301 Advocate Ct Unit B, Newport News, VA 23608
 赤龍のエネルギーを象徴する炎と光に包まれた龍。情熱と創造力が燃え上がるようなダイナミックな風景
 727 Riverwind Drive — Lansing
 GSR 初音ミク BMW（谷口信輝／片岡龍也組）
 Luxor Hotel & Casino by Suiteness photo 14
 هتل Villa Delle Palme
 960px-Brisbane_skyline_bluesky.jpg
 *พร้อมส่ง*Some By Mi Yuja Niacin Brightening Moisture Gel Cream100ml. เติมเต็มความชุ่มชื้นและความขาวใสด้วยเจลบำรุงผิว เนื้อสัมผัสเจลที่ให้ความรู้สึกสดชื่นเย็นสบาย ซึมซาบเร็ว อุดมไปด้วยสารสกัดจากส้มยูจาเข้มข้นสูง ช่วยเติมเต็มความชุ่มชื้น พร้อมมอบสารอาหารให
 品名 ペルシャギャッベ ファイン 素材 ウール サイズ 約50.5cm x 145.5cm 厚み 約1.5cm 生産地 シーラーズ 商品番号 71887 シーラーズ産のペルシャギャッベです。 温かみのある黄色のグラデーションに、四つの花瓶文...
○ ○ ○ ○ ○ ○ ○
## DIRECTIONS FOR THIS TASK
Above are some records; repeat all of them exactly.

## ANSWER SECTION
301 Advocate Ct Unit B, Newport News, VA 23608
 赤龍のエネルギーを象徴する炎と光に包まれた龍。情熱と創造力が燃え上がるようなダイナミックな風景
 727 Riverwind Drive — Lansing
 GSR 初音ミク BMW（谷口信輝／片岡龍也組）
 Luxor Hotel & Casino by Suiteness photo 14
 هتل Villa Delle Palme
 960px-Brisbane_skyline_bluesky.jpg
 *พร้อมส่ง*Some By Mi Yuja Niacin Brightening Moisture Gel Cream100ml. เติมเต็มความชุ่มชื้นและความขาวใสด้วยเจลบำรุงผิว เนื้อสัมผัสเจลที่ให้ความรู้สึกสดชื่นเย็นสบาย ซึมซาบเร็ว อุดมไปด้วยสารสกัดจากส้มยูจาเข้มข้นสูง ช่วยเติมเต็มความชุ่มชื้น พร้อมมอบสารอาหารให
 品名 ペルシャギャッベ ファイン 素材 ウール サイズ 約50.5cm x 145.5cm 厚み 約1.5cm 生産地 シーラーズ 商品番号 71887 シーラーズ産のペルシャギャッベです。 温かみのある黄色のグラデーションに、四つの花瓶文...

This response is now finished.